After watching the miner's shares jump 75 per cent to rise above 3p during trading, bosses at Noventa were forced to put out a statement claiming ignorance regarding the move, although by the bell it was still 0.18p better off at 1.92p on Aim.
FTSE 100 Risers
International Airlines Group 160p (up 4.2p, 2.7 per cent) British Airways owner finishes high up the blue-chip leaderboard on what was expected to be a record day for traffic at Heathrow.
Smiths Group 1,052p (up 15p, 1.45 per cent) Engineer is one of the top risers after announcing it has managed to get rid of its minority stake in Cross Match Technologies for up to $77m (£49.29m).
FTSE 100 Fallers
Sage 276p (down 9p, 3.16 per cent) Accountancy software group retreats as Numis Securities' analysts downgrade their advice to "hold" in reaction to the release of its third-quarter update.
Burberry 1,207p (down 22p, 1.79 per cent) Luxury brand knocked back after the scribes from UBS reveal they have cut their target price on the stock to 1,290p from 1,450p and kept their "neutral" rating.
FTSE 250 Risers
FirstGroup 200p (up 10.3p, 5.43 per cent) Public transport company drives higher up the mid-tier index as the Government reveals a £9.4bn investment programme for the UK's rail network.

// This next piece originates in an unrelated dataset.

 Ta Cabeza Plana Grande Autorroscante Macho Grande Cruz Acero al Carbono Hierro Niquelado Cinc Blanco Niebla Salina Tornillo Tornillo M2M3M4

Britvic 280.6p (up 7.5p, 2.75 per cent) Despite advancing for a third straight day, soft drinks maker has still lost more than 16 per cent since announcing earlier in the month a recall of its Fruit Shoots drinks.
FTSE 250 Fallers
Petropavlovsk 439.9p (down 21.7p, 4.7 per cent) Gold digger retreats after analysts from Goldman Sachs slash their target price on the stock by 460p to 520p while reiterating their "neutral" recommendation.
Kenmare Resources 32.47p (down 1.24p, 3.68 per cent) Irish miner continues its recent decline, with the group's share price now having lost nearly 18 per cent since the start of the month.